Pocho, con su voz ronca y barba morocha que le brindan personalidad y autoridad, fue fehaciente en decir que tenían ganas de trabajar horizontalmente y que el Corralón –ubicado en el barrio porteño de Floresta sobre la avenida Gaona al 4660- lo permitía porque es un espacio en el que no suelen cobrarse las actividades que se realizan. Para ello, Emiliano escribió un proyecto para empezar a trabajar, que fue rápidamente aceptado.

Sin embargo, Fernando, una simpática persona delgada, de pelo corto y rubio, que le hace honor a su apellido Amigo con la suavidad de su voz y simpleza en las palabras que utiliza, recordaría, mientras se estiraba detrás de una planta de lavanda, que la tarea no fue sencilla: se encontraron con varios grupos diferentes con visiones muy distintas sobre el mundo. La heterogeneidad era palpable.

Además, donde hoy predomina el color verde y reina la confortable naturaleza, antes el triste gris penetraba los ojos y el lugar era un basural abandonado que Pocho lo conocía como “el meadero” cuando iba a tomarse una cerveza y disfrutar de la murga del Corralón, antes de que la huerta se transformara en su pasión.

basural2Había que transformar el basural en una huerta y no podían esperar a ser decenas de personas para comenzar con el trabajo. Tal es así, que el 20 de julio de 2012 nació la Huerta del Corralón y fue bautizada con varillas de punta de hierro, que se usaban para picar el cemento y luego poder dar vuelta la tierra para plantar.

El sol pegaba fuerte, pero con más potencia golpeaban las varillas contra el suelo. Pim! Pim! Gritaba la carpeta de cemento con signos de dolor. Mientras, Pocho también sentía dolor en su espalda por la agotadora labor que parecía interminable, pero él corrió con ventaja porque nunca faltó un compañero o extraño que quisiera colaborar con la huerta y le pregunte: “¿Qué estás haciendo, puedo?”. -¡Claro!- respondería Pocho para luego convidarle un mate.

Pero por cada buen samaritano que concurría, los desmotivadores brotaban por doquier. “Acá no vas a poder plantar nada”; “el cemento lo tienen que sacar” y “para los escombros tenés que contratar un volquete” eran las frases que solían escuchar, como si fueran condicionamientos para brindar su ayuda, la cual nunca llegó.

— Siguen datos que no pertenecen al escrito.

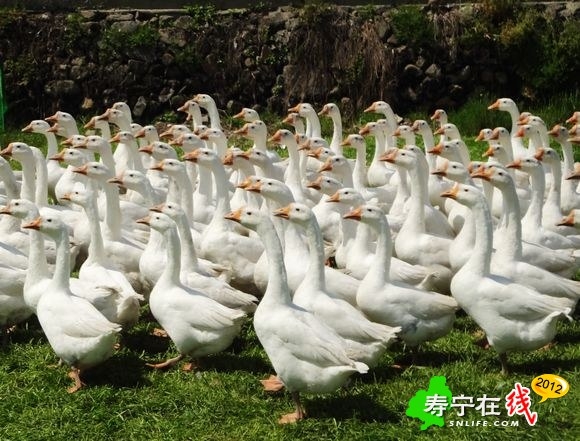 曲项向天歌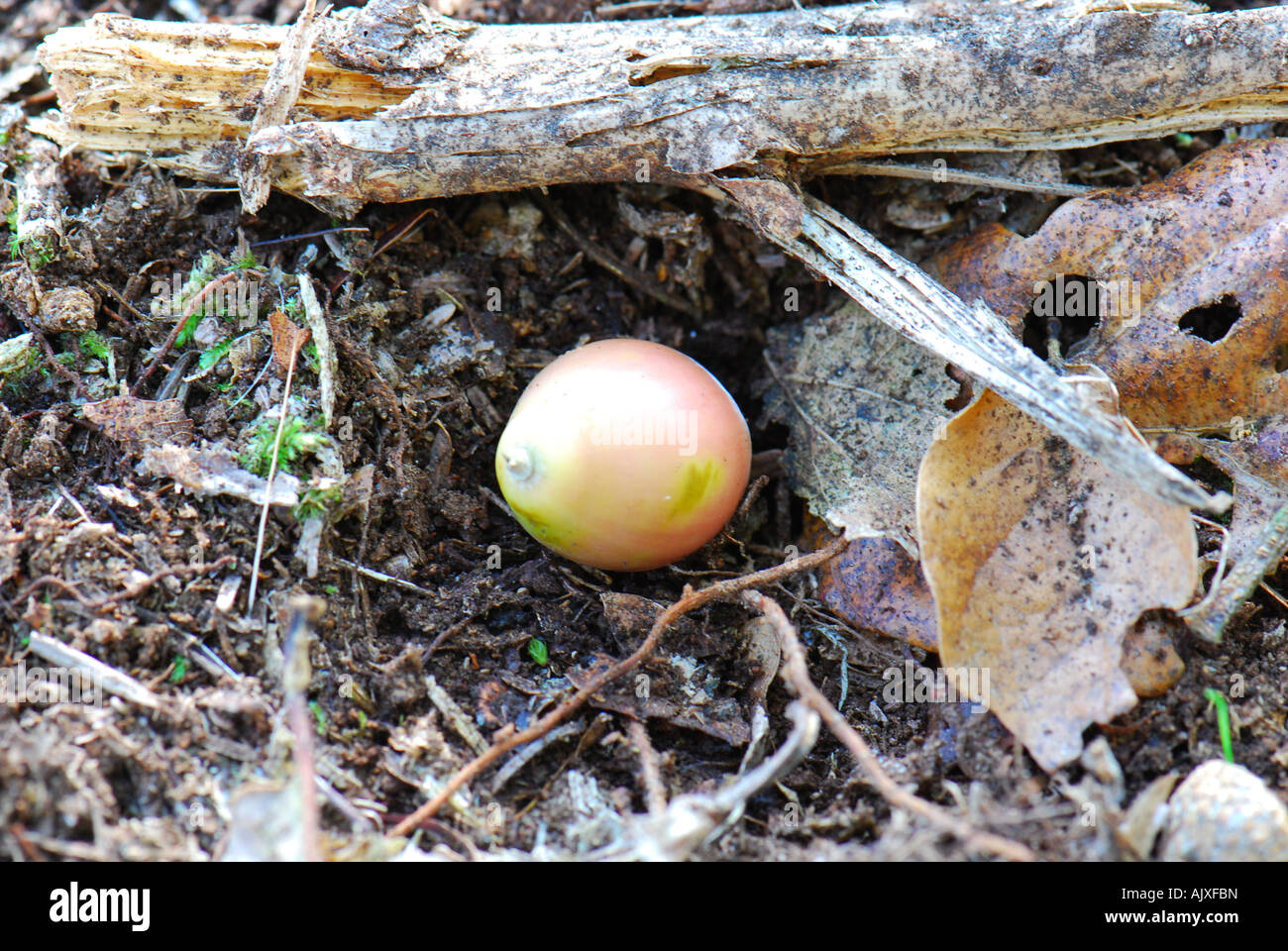 Un caduto acorn sul suolo della foresta pronto a crescere Foto Stock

Sin embargo, las ganas de formar un colectivo y de trabajar arrasaron con toda negativa. Desde el principio, los emprendedores eran conscientes de sus limitaciones y a partir de ellas fueron planificando y activando: primero, se ocuparon del sector más próximo a la calle Morón. Una vez que ya estaba en funcionamiento pudieron tomar la parte central, donde actualmente se encuentra un espacio para un fogón. Luego, siguieron rompiendo y apilando cascotes en las esquinas para construir un estanque pequeño, y más adelante le seguiría otro más grande.

Esta dinámica de autogestión le enseñó a Fernando que no pueden esperar a que alguien les diga cómo hacer las cosas. Él aprendió haciéndolas, equivocándose y regocijándose en el momento que salieron, porque de esa manera creció su sabiduría. El sistema horizontal dió sus frutos y los compañeros de la biblioteca José Luis Mangieri –que también funciona en el Corralón- fueron testigos y protagonistas del hecho.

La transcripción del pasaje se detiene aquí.